- Born: Armin Mutlee April 19, 1987 (age 37) Chana district, Songkhla province, Thailand
- Native name: อามีน พุ่มพันธุ์ม่วง
- Other names: Armin Black Dragon Swiss Armin Matli
- Nationality: Thai
- Height: 1.74 m (5 ft 8+1⁄2 in)
- Weight: 67 kg (148 lb; 11 st) 70 kg (154 lb; 11 st)
- Division: Welterweight Super welterweight
- Style: Muay Thai
- Fighting out of: Bangkok, Thailand
- Team: Muaythai Plaza 2004 - Windysport
- Trainer: Pid Kaisongtanaikwam

Kickboxing record
- Total: 148
- Wins: 126
- By knockout: 44
- Losses: 21
- By knockout: 6
- Draws: 1

= Armin Pumpanmuang =

Thai Muay Thai kickboxer

Armin Pumpanmuang (born April 19, 1987) is a Thai Muay Thai kickboxer. He is a former WPMF World Welterweight Champion (147 lbs).

==Biography and career==
Born and raised in the Chana district of the Songkhla province, Armin practiced Muay Thai from an early age, in addition to the sport's historical form: Muay boran.

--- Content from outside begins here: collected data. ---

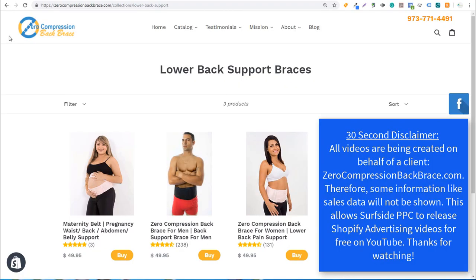Quick disclaimer: all of these videos are being done on behalf of a client, zerocompressionbackbrace.com. There's certain information I won't show, like sales data. Because this client has allowed me to create videos using their website and advertising accounts, it allows me to release these videos for free rather than offering a paid course. If you do need a back brace, go to zerocompressionbackbrace.com. Otherwise, keep watching our Shopify videos — thank you for watching.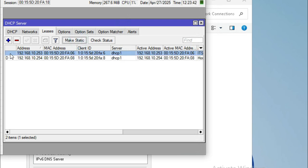Now 'D' is no longer shown — the IP is set as static. The DHCP server will no longer change this IP address. This is the basic configuration of the MikroTik network. In the next episode I will cover more MikroTik tutorials. Hope this tutorial is helpful — thank you very much.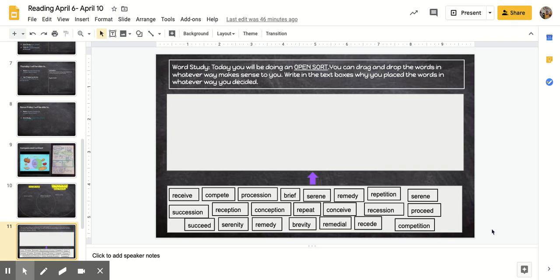Today you will be doing an open sort. You can drag and drop the words in whatever way makes sense to you. Write in the text boxes why you place the words in whatever way you decide.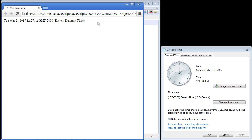That's going to do it for this video. In the next video we're really going to start getting into JavaScript — we're going to take our first look at the DOM, otherwise known as the Document Object Model, probably the most important thing to understanding JavaScript.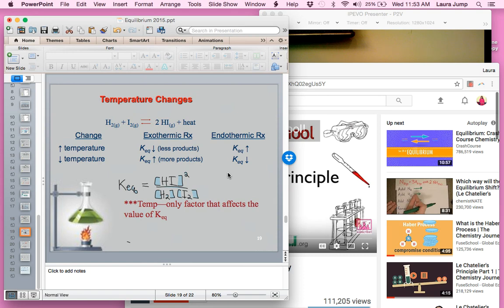Remember: for gases and changes in pressure and volume, we do not use the teeter-totter method. That's based on the total number of moles of gas on each side of the reaction. For temperature and concentration, however, we can use the teeter-totter method.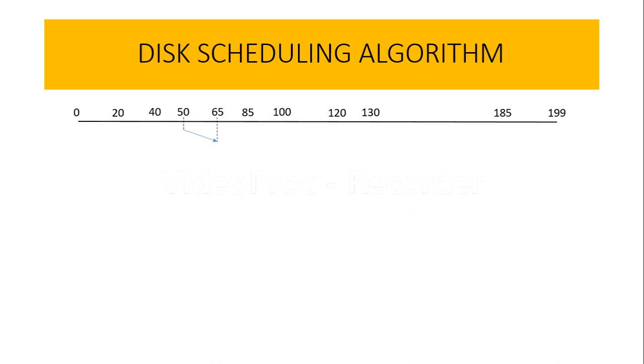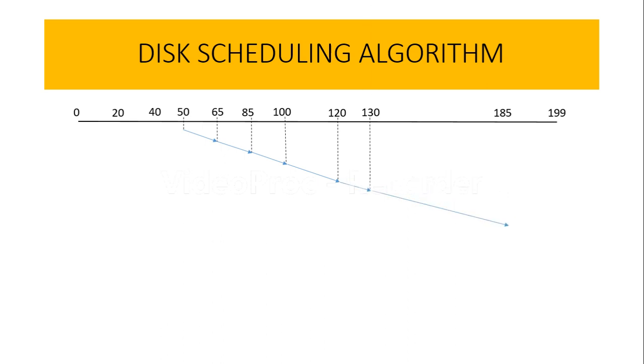Then it processes track 100, then 120, 130, and 185. Now, instead of going till 199 as we have seen in the C-SCAN algorithm, this LOOK algorithm will reverse itself.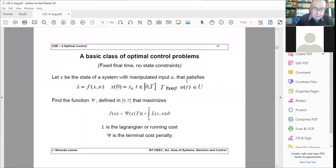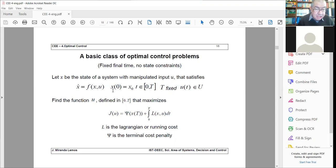This lecture will be devoted to two examples of how to apply Pontryagin's Maximum Principle to solve optimal control problems. In the last lecture, we introduced a basic class of optimal control problems. You have a nonlinear state space model, x dot equal to f of x and u, where u is the manipulated variable and x is the state. You have some initial condition and you operate this system during a fixed time span between zero and capital T.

Armin first signed with the Sasiprapha Gym. He began fighting in the 40 kg division. Later, Armin moved to the Kiatkumtorn gym, where he trained under Jomhod Kiatadisak. At the same time, he began fighting at Omnoi Stadium. He then moved to ‘Muaythai Plaza 2004-Windysport' to continue his training. However, he failed to become the Omnoi Stadium champion when he lost to Yordsanpol Sitsanpol in their title fight.

From then onwards, Armin trained with Windysport, where he began achieving success. He was pushed to fight in the Pumpanmuang promotion's fights, scoring victories against the likes of Sammuk Sasiprapa Gym, Plarnchai Sor Kamsingh, and Chokechuchai Sor Sanchai in the 'Bangrajan fight'.

Armin was very successful at the start of 2011. After losing in the World Amateur Muay Thai tournament in the 71-kilogram division, he won in the Asian Muay Thai Championships in the same weight division. Armin also won the gold medal in the Arafura Games in Australia. He also won a Z-1 tournament and the WPMF Muay Thai world championship in France.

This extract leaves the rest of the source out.